* Problem description *
Could you reproduce, word for word, everything below from the line containing "image for page" down to the line containing "Lebensmittelechter PP Überziehstiefel", with both of those lines included and no others?
#### Records supplied
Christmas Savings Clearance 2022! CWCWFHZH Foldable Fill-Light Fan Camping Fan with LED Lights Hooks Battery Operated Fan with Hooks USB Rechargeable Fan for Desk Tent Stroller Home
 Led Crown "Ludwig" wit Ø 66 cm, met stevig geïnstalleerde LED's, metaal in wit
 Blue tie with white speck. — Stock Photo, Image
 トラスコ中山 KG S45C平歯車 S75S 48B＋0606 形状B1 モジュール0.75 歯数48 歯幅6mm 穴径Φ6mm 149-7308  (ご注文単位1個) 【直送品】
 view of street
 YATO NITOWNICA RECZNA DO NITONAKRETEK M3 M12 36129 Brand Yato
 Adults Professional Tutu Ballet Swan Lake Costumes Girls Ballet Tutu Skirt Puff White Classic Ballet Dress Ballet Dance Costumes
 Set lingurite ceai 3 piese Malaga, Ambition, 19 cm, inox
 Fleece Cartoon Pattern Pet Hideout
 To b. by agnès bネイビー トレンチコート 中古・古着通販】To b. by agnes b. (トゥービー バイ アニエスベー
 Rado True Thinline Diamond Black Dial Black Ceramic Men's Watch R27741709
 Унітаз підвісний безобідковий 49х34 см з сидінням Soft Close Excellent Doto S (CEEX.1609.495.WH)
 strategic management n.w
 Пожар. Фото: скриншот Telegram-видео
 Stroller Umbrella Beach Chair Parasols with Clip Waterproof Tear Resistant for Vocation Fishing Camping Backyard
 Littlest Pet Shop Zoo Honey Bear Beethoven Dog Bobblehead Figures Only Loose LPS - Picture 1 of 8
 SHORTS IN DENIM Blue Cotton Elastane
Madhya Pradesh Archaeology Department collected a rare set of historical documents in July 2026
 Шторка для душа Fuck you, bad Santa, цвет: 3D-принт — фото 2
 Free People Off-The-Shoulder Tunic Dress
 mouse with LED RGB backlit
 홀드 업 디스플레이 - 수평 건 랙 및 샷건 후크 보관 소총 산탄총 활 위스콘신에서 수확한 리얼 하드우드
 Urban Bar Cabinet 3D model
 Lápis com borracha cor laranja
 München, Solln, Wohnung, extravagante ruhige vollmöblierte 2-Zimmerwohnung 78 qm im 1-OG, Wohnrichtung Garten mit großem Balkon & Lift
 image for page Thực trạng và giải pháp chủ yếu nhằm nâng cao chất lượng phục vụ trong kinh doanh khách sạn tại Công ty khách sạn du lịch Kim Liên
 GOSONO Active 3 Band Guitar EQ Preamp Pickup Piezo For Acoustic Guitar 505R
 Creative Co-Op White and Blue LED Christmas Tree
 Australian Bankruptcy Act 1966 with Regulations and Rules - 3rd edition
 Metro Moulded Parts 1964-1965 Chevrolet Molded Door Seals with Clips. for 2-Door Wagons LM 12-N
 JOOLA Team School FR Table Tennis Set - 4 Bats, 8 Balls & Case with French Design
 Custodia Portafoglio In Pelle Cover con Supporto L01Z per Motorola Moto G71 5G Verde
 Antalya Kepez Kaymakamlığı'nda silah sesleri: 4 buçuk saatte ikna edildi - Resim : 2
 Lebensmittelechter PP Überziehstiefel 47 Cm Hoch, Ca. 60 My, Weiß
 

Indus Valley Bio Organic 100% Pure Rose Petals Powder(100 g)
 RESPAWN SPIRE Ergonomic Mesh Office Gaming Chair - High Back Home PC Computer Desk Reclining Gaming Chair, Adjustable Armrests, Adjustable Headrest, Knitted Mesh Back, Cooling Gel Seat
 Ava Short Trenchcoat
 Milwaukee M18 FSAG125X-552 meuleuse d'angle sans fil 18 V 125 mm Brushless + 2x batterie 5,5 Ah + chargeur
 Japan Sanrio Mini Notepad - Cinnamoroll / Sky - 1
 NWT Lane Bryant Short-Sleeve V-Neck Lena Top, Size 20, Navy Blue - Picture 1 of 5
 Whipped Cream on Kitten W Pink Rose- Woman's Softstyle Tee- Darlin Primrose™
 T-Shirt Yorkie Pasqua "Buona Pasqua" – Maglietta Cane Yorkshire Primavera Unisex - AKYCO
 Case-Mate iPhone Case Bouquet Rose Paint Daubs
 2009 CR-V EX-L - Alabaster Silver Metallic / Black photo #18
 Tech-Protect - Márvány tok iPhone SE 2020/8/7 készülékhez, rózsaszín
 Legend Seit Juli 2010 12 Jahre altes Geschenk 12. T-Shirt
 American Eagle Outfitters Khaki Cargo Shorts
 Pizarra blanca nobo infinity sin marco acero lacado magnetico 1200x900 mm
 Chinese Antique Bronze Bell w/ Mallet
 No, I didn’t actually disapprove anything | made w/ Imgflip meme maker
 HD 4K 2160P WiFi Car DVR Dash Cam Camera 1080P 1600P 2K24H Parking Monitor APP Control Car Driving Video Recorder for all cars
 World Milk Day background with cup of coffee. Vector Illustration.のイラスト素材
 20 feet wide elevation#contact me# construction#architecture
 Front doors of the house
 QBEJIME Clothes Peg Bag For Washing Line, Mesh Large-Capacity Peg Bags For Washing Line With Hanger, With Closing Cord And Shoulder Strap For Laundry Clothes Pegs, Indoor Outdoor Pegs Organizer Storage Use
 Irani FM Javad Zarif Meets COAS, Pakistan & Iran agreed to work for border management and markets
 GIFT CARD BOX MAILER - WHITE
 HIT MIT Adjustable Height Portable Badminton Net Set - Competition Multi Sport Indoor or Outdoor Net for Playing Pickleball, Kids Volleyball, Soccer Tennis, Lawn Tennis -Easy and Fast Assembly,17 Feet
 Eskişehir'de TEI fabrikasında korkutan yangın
########
* Task output *
 image for page Thực trạng và giải pháp chủ yếu nhằm nâng cao chất lượng phục vụ trong kinh doanh khách sạn tại Công ty khách sạn du lịch Kim Liên
 GOSONO Active 3 Band Guitar EQ Preamp Pickup Piezo For Acoustic Guitar 505R
 Creative Co-Op White and Blue LED Christmas Tree
 Australian Bankruptcy Act 1966 with Regulations and Rules - 3rd edition
 Metro Moulded Parts 1964-1965 Chevrolet Molded Door Seals with Clips. for 2-Door Wagons LM 12-N
 JOOLA Team School FR Table Tennis Set - 4 Bats, 8 Balls & Case with French Design
 Custodia Portafoglio In Pelle Cover con Supporto L01Z per Motorola Moto G71 5G Verde
 Antalya Kepez Kaymakamlığı'nda silah sesleri: 4 buçuk saatte ikna edildi - Resim : 2
 Lebensmittelechter PP Überziehstiefel 47 Cm Hoch, Ca. 60 My, Weiß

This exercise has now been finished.